> [TASK GOAL]: Give back the records that follow exactly, images excluded.

Short web captions:
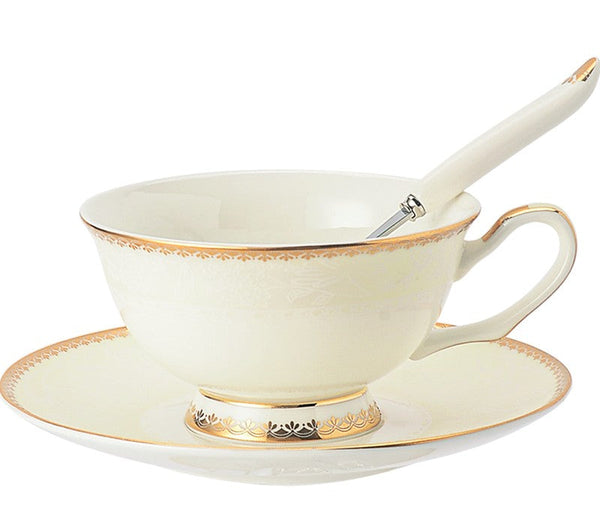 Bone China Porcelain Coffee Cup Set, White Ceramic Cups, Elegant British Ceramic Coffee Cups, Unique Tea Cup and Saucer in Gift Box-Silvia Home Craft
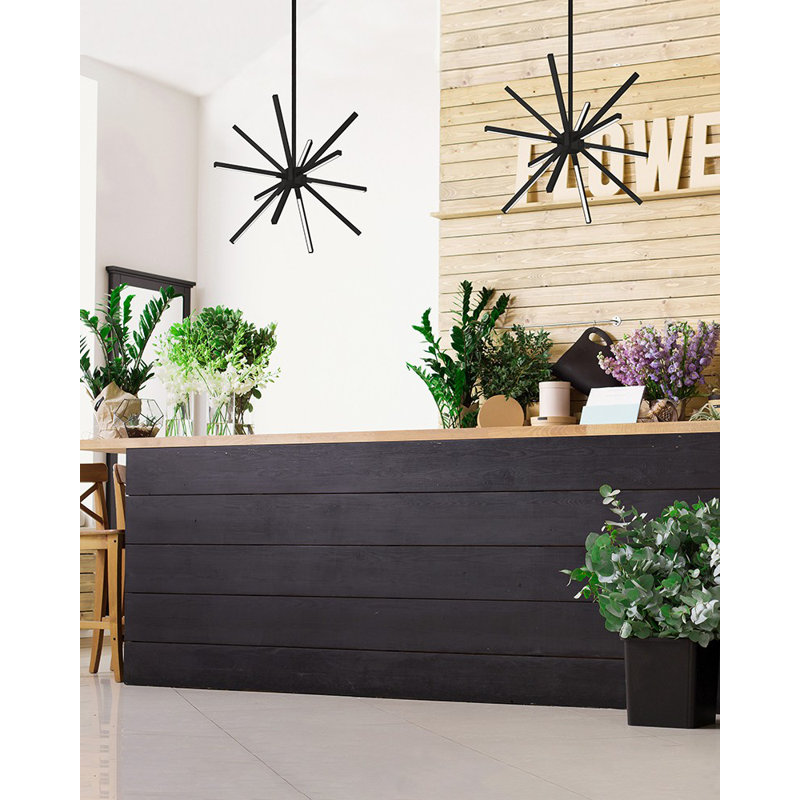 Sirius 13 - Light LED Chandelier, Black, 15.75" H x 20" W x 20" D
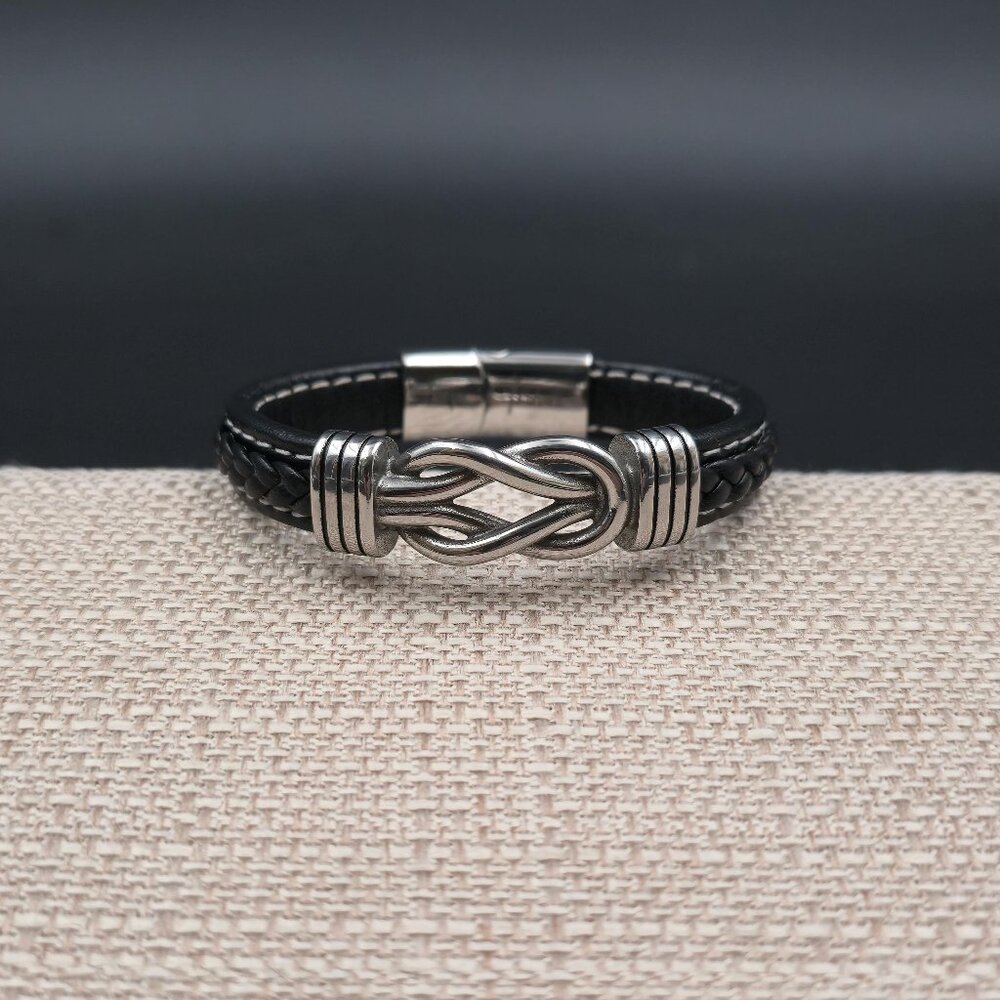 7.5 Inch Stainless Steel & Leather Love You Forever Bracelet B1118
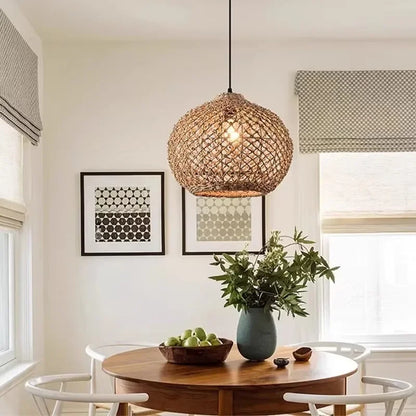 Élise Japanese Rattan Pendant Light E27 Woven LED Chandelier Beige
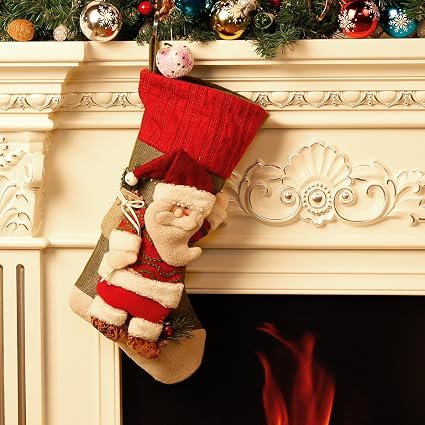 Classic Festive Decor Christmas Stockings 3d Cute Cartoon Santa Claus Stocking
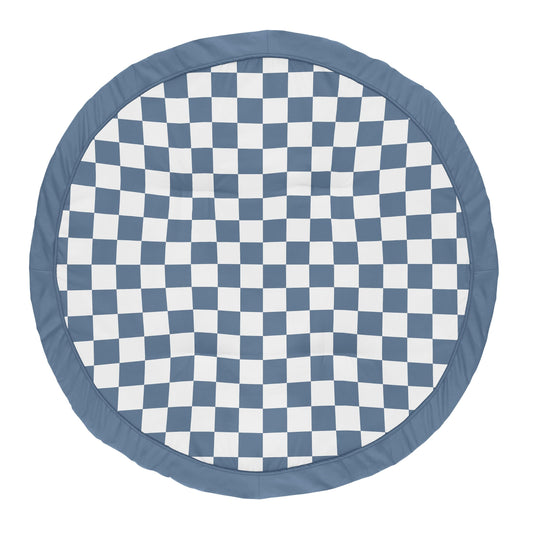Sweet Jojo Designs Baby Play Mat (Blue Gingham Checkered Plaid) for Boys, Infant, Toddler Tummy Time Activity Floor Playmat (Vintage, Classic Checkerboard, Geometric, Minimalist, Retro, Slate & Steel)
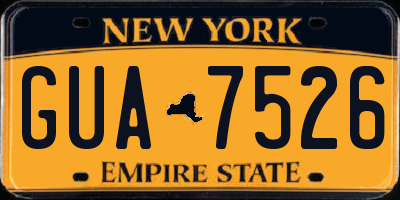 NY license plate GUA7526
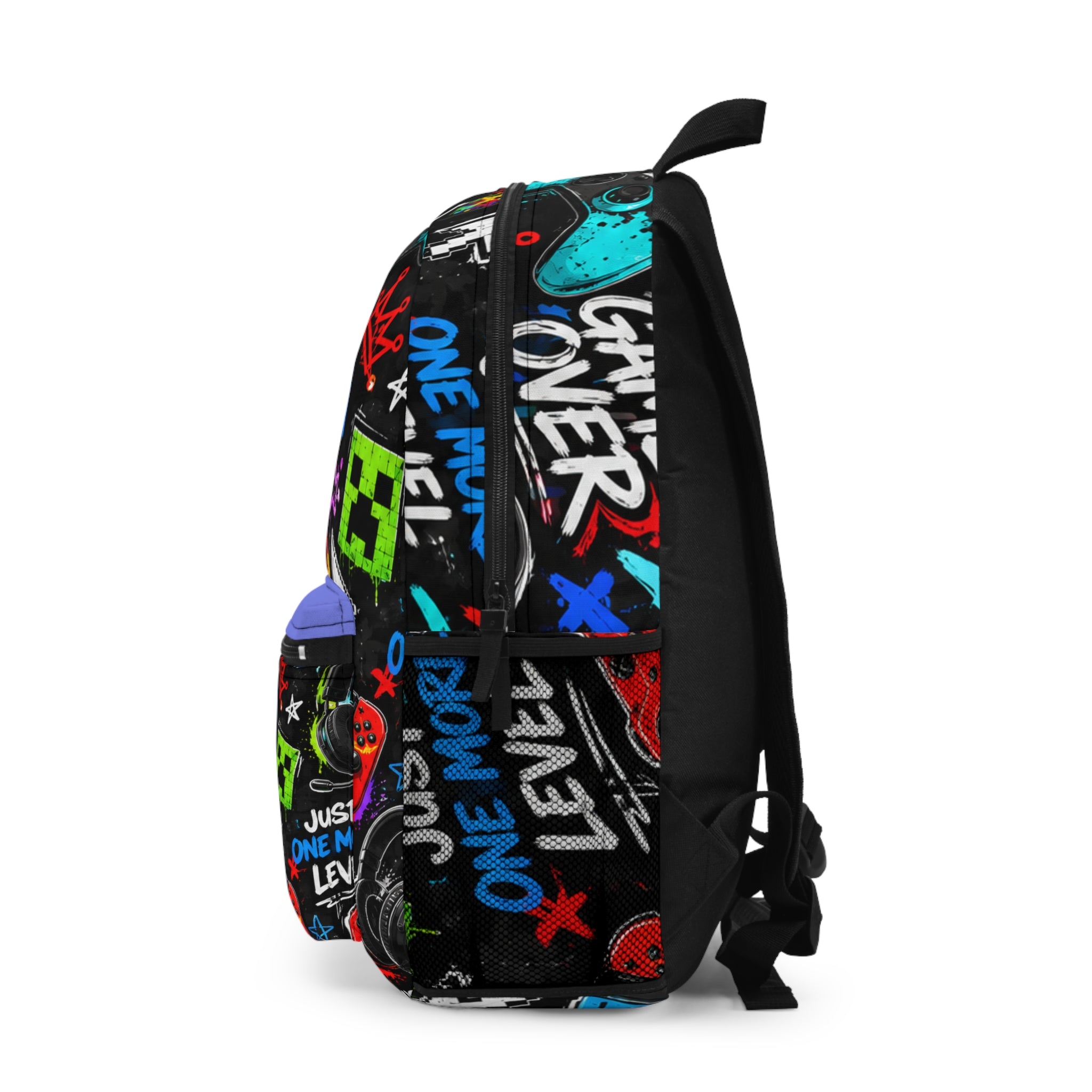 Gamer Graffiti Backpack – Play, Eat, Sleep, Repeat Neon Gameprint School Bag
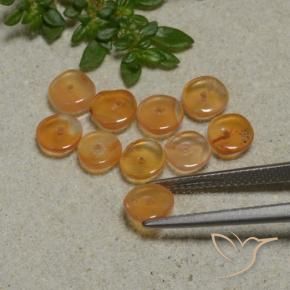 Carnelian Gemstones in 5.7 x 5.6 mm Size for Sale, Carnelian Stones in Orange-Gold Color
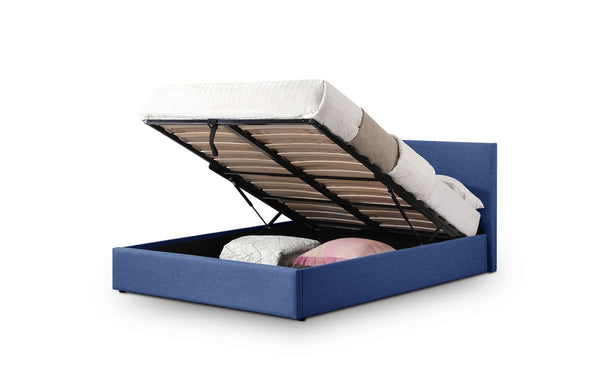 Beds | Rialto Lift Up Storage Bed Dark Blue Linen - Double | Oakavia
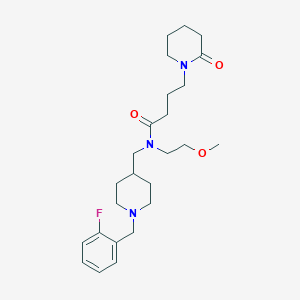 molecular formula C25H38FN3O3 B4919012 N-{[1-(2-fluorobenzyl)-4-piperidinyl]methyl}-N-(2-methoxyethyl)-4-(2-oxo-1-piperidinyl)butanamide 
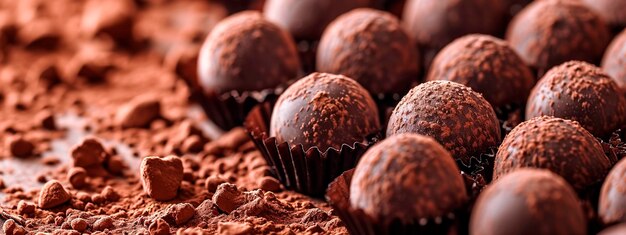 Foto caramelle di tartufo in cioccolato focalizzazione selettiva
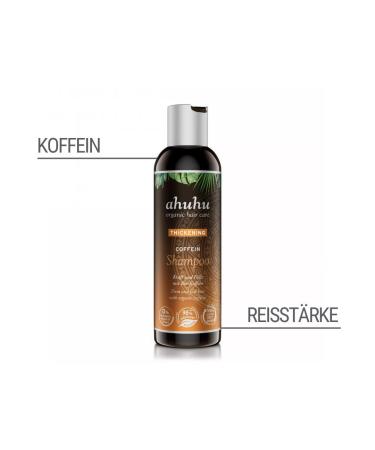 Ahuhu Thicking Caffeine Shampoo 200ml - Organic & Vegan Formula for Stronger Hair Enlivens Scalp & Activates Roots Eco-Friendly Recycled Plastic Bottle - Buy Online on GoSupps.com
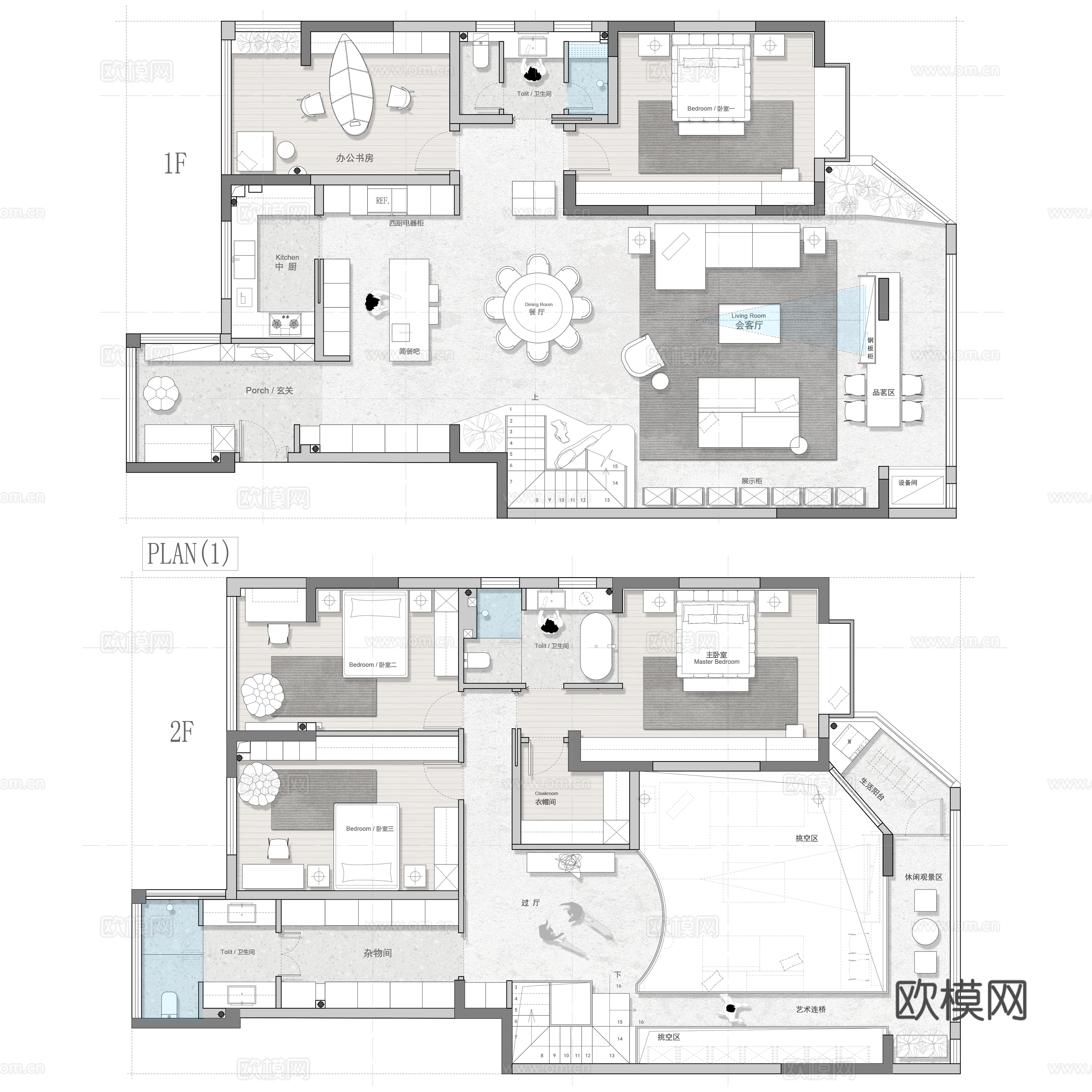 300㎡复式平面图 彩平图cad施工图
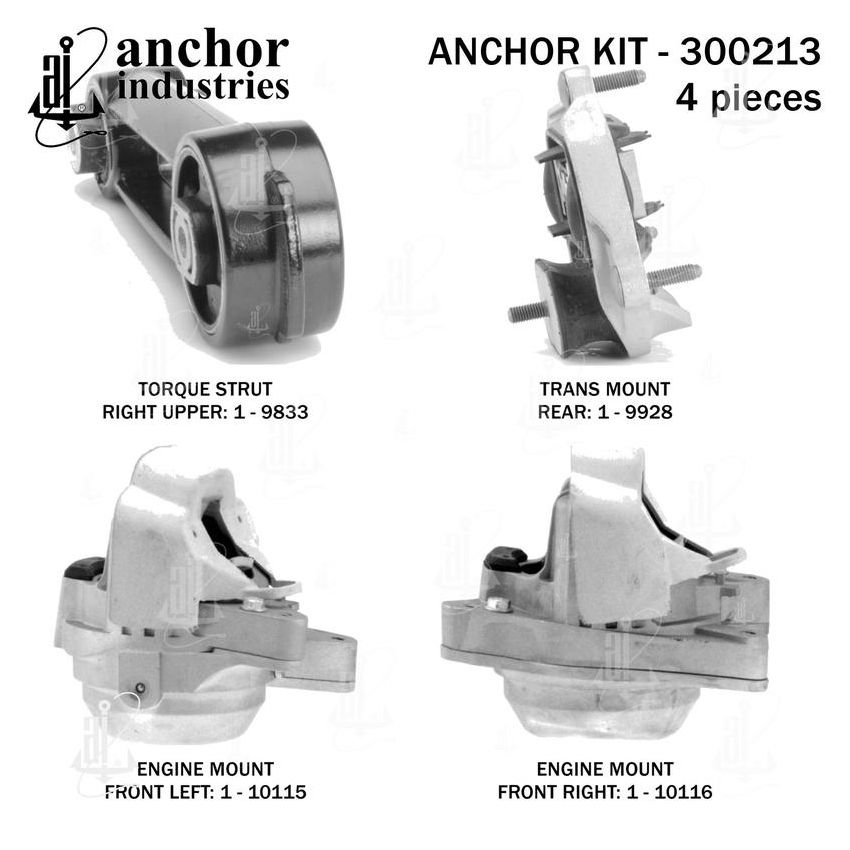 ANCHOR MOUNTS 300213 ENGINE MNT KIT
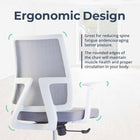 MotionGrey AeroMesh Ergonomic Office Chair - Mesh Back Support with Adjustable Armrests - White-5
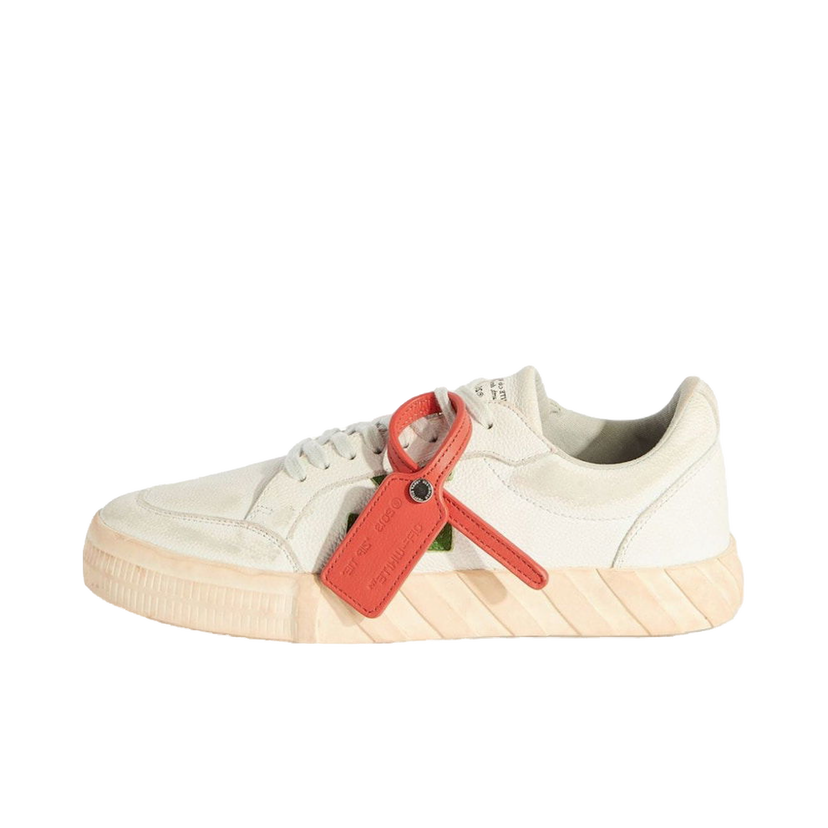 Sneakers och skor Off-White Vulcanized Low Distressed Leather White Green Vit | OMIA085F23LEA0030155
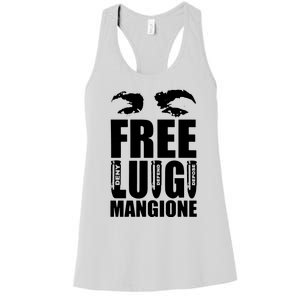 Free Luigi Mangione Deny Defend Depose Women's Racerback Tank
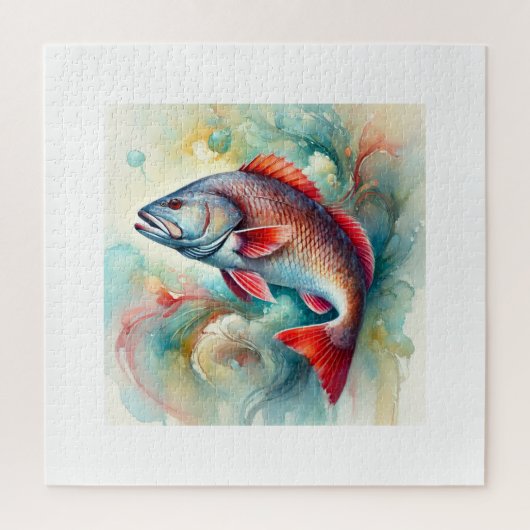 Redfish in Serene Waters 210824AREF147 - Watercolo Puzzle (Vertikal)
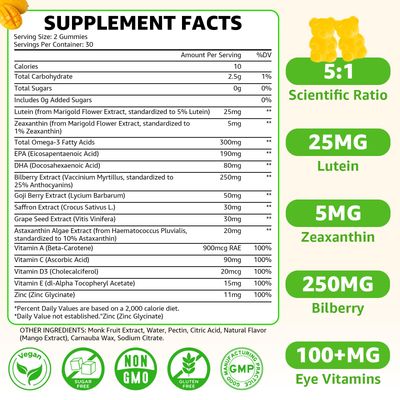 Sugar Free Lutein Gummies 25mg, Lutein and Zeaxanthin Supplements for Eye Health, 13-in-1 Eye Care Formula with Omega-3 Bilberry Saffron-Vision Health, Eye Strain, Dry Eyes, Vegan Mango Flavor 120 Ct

> [PROBLEM SOLUTION]:
 Bone China Porcelain Coffee Cup Set, White Ceramic Cups, Elegant British Ceramic Coffee Cups, Unique Tea Cup and Saucer in Gift Box-Silvia Home Craft
 Sirius 13 - Light LED Chandelier, Black, 15.75" H x 20" W x 20" D
 7.5 Inch Stainless Steel & Leather Love You Forever Bracelet B1118
 Élise Japanese Rattan Pendant Light E27 Woven LED Chandelier Beige
 Classic Festive Decor Christmas Stockings 3d Cute Cartoon Santa Claus Stocking
Sweet Jojo Designs Baby Play Mat (Blue Gingham Checkered Plaid) for Boys, Infant, Toddler Tummy Time Activity Floor Playmat (Vintage, Classic Checkerboard, Geometric, Minimalist, Retro, Slate & Steel)
 NY license plate GUA7526
 Gamer Graffiti Backpack – Play, Eat, Sleep, Repeat Neon Gameprint School Bag
 Carnelian Gemstones in 5.7 x 5.6 mm Size for Sale, Carnelian Stones in Orange-Gold Color
 Beds | Rialto Lift Up Storage Bed Dark Blue Linen - Double | Oakavia
 molecular formula C25H38FN3O3 B4919012 N-{[1-(2-fluorobenzyl)-4-piperidinyl]methyl}-N-(2-methoxyethyl)-4-(2-oxo-1-piperidinyl)butanamide 
 Foto caramelle di tartufo in cioccolato focalizzazione selettiva
 Ahuhu Thicking Caffeine Shampoo 200ml - Organic & Vegan Formula for Stronger Hair Enlivens Scalp & Activates Roots Eco-Friendly Recycled Plastic Bottle - Buy Online on GoSupps.com
 300㎡复式平面图 彩平图cad施工图
 ANCHOR MOUNTS 300213 ENGINE MNT KIT
 MotionGrey AeroMesh Ergonomic Office Chair - Mesh Back Support with Adjustable Armrests - White-5
 Sneakers och skor Off-White Vulcanized Low Distressed Leather White Green Vit | OMIA085F23LEA0030155
 Free Luigi Mangione Deny Defend Depose Women's Racerback Tank
 Redfish in Serene Waters 210824AREF147 - Watercolo Puzzle (Vertikal)
 Sugar Free Lutein Gummies 25mg, Lutein and Zeaxanthin Supplements for Eye Health, 13-in-1 Eye Care Formula with Omega-3 Bilberry Saffron-Vision Health, Eye Strain, Dry Eyes, Vegan Mango Flavor 120 Ct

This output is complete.